On 2007-06-27, hide1713 at gmail.com <hide1713 at gmail.com> wrote:
> HI
>     I'm currently using Python. I find that a instance variable must
> confined with self,
> for example:
> class a:
>     def __init__(self):
>         self.aa=10
>     def bb(self):
>         print self.aa # See .if in c++,I could use aa to change that
> variable

c++ is a much more static language (for example, you cannot create new fields
in your class at run time), so it can decide in advance what you mean.

In other words, it is a cost you pay for the increased flexibility. You may not
be using that flexibility, but it is there, and people use it.

> That's a big inconvenience in coding ,especially when you have lot of
> variable

I have switched from c++ to Python several years ago, and was surprised about
having to explicitly write 'self' each time. However, I never considered it "a
big inconvenience".
As years went by I have come to like the explicit notation in Python.


> Or any way to make programmer's life easier?

Others have already pointed out that leaving out 'self' is more bad than good.
I think they are right. In the past I also thought that Python was badly
designed, and until now, in the end it appeared that I was always in error.
[off-topic:
 I think that again now with the default implementation of the object.__eq__ and
  object.__hash__ methods. I believe these methods should not exist until the
  programmer explicitly defines them with a suitable notion of equivalence.
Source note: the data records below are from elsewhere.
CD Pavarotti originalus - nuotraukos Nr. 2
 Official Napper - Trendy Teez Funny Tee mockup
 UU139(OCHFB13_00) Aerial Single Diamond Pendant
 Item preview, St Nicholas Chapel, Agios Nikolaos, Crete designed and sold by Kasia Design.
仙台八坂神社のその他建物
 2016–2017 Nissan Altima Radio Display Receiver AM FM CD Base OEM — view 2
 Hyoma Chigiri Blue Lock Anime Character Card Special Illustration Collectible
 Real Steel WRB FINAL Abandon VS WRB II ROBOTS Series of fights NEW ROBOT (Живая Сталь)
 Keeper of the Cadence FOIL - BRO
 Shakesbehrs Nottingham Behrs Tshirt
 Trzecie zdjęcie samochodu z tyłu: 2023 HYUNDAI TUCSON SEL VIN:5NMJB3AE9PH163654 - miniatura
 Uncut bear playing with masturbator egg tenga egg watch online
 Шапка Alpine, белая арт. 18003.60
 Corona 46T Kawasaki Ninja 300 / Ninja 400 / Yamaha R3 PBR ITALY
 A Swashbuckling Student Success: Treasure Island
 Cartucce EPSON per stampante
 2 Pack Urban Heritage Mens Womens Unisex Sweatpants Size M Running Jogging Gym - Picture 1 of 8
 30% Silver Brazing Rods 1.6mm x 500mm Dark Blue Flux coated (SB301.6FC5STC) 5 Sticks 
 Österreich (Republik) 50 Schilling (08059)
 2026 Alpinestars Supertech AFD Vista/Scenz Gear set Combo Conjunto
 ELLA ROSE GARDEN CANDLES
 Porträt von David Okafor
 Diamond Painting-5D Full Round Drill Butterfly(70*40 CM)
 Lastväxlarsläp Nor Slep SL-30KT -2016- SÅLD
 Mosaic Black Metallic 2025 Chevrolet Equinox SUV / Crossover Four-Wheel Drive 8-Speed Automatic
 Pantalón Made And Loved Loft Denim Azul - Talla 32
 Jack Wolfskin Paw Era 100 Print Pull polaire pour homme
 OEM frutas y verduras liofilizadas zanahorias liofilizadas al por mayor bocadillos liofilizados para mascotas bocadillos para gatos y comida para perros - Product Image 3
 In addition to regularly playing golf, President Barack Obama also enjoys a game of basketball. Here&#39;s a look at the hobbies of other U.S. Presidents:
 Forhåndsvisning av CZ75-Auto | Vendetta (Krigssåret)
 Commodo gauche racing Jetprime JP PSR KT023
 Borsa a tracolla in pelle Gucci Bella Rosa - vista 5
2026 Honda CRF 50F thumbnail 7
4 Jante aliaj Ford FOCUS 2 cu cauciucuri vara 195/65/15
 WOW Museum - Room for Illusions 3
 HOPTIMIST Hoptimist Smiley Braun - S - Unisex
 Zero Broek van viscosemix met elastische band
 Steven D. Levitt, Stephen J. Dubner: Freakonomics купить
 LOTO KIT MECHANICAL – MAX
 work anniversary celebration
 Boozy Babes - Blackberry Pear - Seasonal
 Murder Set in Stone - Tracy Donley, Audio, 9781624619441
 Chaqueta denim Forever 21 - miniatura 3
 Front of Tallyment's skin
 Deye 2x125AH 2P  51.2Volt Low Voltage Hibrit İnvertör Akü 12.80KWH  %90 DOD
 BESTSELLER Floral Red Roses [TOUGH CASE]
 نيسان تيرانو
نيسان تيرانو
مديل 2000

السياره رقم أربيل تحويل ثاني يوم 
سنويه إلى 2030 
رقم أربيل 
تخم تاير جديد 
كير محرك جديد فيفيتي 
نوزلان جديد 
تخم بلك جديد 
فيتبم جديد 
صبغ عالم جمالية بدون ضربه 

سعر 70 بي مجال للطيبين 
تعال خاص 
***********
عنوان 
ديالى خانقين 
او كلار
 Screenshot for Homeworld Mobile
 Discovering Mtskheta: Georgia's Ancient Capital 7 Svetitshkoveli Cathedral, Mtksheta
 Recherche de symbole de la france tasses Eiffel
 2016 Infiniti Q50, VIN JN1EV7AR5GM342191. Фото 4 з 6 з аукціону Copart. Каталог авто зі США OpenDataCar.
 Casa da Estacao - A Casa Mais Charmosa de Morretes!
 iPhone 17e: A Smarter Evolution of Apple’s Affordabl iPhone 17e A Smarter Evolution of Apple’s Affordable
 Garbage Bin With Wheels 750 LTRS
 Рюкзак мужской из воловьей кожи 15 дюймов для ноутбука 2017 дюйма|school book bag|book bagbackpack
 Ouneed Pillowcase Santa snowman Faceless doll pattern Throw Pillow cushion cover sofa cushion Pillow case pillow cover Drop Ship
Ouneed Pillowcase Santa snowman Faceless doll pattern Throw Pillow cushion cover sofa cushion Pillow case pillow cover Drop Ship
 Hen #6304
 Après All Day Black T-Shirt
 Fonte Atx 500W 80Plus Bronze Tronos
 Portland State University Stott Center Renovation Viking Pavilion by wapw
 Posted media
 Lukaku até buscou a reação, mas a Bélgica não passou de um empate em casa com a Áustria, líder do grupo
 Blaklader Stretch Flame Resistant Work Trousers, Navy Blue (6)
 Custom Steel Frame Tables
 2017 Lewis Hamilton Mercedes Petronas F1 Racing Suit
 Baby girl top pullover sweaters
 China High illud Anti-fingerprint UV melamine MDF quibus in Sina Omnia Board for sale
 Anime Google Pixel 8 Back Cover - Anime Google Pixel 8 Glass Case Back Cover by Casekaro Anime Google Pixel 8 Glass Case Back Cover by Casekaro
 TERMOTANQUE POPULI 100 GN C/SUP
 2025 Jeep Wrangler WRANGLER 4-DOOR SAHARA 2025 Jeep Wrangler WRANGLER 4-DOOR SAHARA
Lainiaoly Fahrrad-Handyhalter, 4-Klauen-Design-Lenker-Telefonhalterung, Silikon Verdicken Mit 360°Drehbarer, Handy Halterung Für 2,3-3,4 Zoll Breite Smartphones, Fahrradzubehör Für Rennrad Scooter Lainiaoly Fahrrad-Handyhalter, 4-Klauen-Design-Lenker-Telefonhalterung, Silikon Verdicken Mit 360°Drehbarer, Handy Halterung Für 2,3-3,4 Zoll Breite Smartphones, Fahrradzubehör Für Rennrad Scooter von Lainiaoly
  Anybody have a good argument against that? :-)
]


Another suggestion may be to look at your code again, and check whether all
self's are really needed. In other words, can you improve your code by reducing
use of instance variables?
In Python, The "a=b" statement is extremely cheap, because you don't copy data.
Exploit that feature.

An alternative may be to copy a self variable into a local variable one and use
the local variable in the method. Another option may be to collect results in a
local variable first and then assign it to a self.X variable.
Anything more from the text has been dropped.